Glacier retreat is rapidly transforming some watersheds, with ramifications for water supply, ecological succession, important species such as Pacific salmon (Oncorhynchus spp.), and cultural uses of landscapes. To advance a more holistic understanding of the evolution of proglacial landscapes, we integrate multiple lines of knowledge starting in the early 1900s with contemporary data from the Taaltsux̱éi (Tulsequah) Watershed in British Columbia, Canada. Our objectives were to: 1) synthesize recent historical geography and Indigenous Knowledge, including glacier dynamics, and hydrology; 2) describe the limnology of a proglacial lake; 3) quantify decadal-scale downstream physical floodplain change; and 4) characterize riverine physical, chemical, and biological differences relative to distance from the proglacial lake. Since 1982, the Tulsequah Glacier has receded 0.07 km/yr, exposing a cold, deep, and growing proglacial lake.
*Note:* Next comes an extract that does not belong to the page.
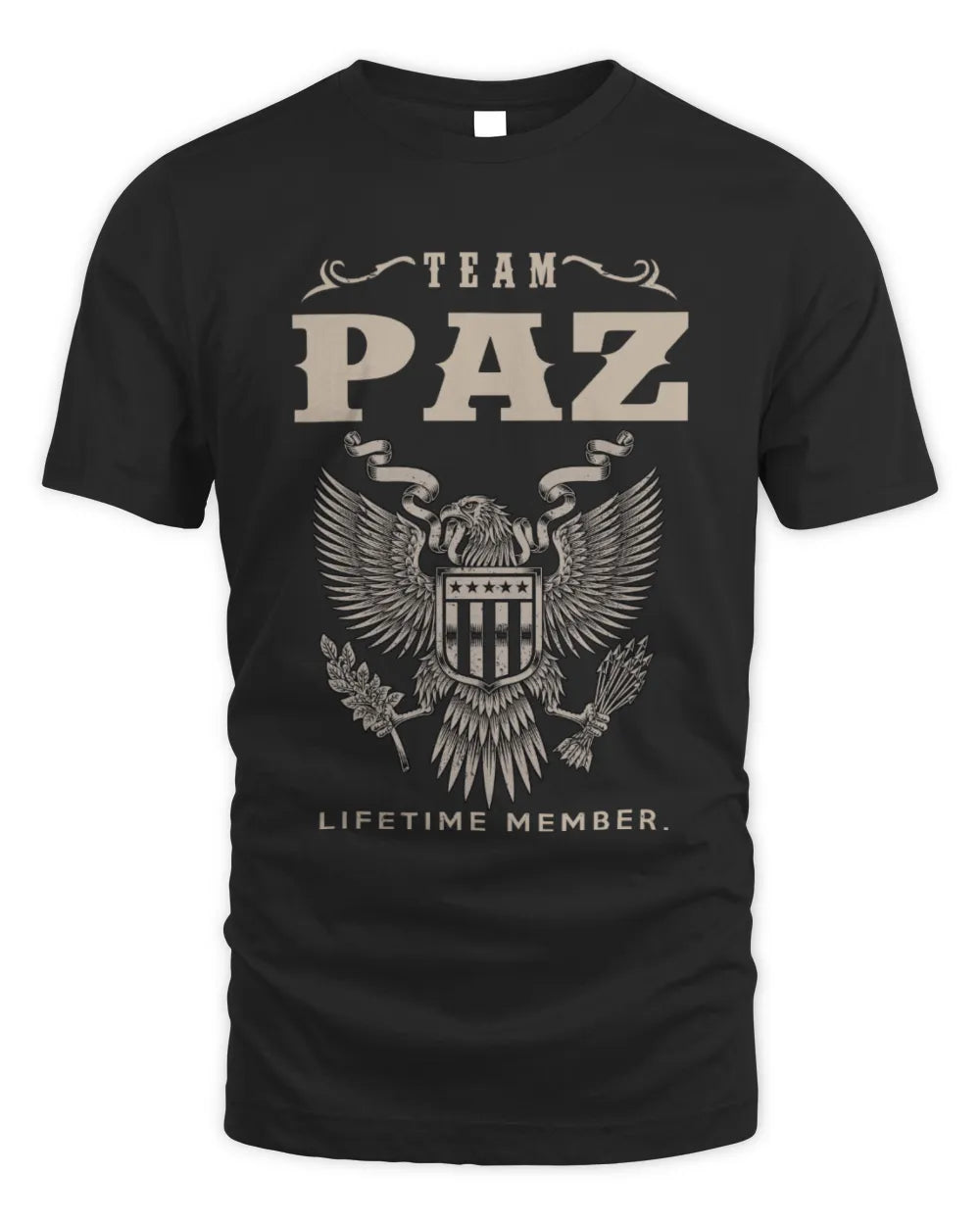 PAZ TP06-K82 – Personalized Classic Style Apparel “Team NAME Lifetime Member” - Unisex Standard T-Shirt - Black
The downstream floodplain is rapidly changing; satellite imagery analysis revealed a 14 % increase in vegetation from 2003 to 2017 and Indigenous Knowledge described increases in vegetation and wildlife habitat over the last century. Contemporary measurements of physical-chemical water properties differed across sites representing the upper and lower watershed, and mainstem and off-channel habitats. Catches of juvenile salmonids in the upper watershed (closer to the glacier) were mostly limited to warmer, clearer groundwater-fed channels, whereas in the lower watershed there were salmonids in both groundwater-fed and mainstem habitats. There was limited zooplankton taxa diversity from the proglacial lake and benthic macroinvertebrates in the river. Collectively, our synthesis suggests that the transformation of proglacial landscapes experiencing rapid ice loss can be influenced by interlinked abiotic processes of glacier retreat, lake formation, and altered hydrology, as well as corresponding biological processes such as beaver repopulation, wetland formation, and riparian vegetation growth. These factors, along with expected increases to proglacial lake productivity and salmon habitat suitability, are an important consideration for forward-looking watershed management of glacier-fed rivers.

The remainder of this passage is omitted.